In the prior art electrostatic recording heads, the material for the screen electrode is usually nickel, stainless steels and the like (Japanese Laid-open Patent Application Nos. 54-78134, 63-53056 and 2-4541).

In this type of recording head, however, the electrodes are most likely to suffer corrosion by means of various active species generated during the course of the discharge. Especially, with the screen electrode, the considerable corrosion takes place at the side faces, which establish part of the ion generating space regions 06 and are thus invariably exposed to the active species, corrosion also takes place at the inner sides of the openings 08. In the worst case, the openings 08 may be clogged, resulting in a substantial lowering of ion output. These previously employed electrode materials are not satisfactory with respect to corrosion resistance.

SUMMARY OF THE INVENTION

It is accordingly an object of the invention to provide an electrostatic recording head that overcomes the drawbacks of the prior art.

It is another object of the invention to provide an electrostatic recording head having a screen electrode with improved corrosion resistance. Thus, the head is unlikely to undergo a change of output in relation to time.

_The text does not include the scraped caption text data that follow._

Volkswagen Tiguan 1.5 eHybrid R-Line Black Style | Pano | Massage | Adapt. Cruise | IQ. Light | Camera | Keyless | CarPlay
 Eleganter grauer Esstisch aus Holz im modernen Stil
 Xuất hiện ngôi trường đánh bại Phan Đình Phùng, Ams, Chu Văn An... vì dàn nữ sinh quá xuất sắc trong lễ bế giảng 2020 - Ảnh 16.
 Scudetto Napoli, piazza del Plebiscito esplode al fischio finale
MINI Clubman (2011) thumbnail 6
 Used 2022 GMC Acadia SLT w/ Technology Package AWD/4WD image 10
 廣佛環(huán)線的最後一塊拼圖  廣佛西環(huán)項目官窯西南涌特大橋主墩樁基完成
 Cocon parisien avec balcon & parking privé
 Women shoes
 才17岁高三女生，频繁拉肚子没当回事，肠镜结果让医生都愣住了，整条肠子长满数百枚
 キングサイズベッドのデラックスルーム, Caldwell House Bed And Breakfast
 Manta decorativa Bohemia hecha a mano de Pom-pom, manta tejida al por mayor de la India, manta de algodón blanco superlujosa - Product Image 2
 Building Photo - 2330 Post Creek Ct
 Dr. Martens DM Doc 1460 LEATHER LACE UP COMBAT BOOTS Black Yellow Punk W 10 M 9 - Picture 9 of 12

The above objects can be achieved, according to one embodiment of the invention, by an electrostatic recording head including an insulating substrate having a builtup or multilayered structure thereon, the builtup or multilayered structure including, in the following order, a plurality of dielectric electrode strips having portions that are arranged in parallel to and separated from one another, a first insulating layer, a plurality of discharge electrode strips each extending to intersect with the respective portions of the dielectric electrode strips, a second insulating layer having a plurality of openings to form part of an ion generating space region at individual intersected portions of the discharge electrode strips and the dielectric electrode strips, and a screen electrode which is provided to complete each ion generating space region in association with the second insulating layer and has a plurality of openings, through which ions are passed, corresponding to the respective ion generating space regions. The head is characterized in that the screen electrode is made of a member selected from metals, noble metals and alloys mainly composed of these metals and having a melting point not lower than 1500 C.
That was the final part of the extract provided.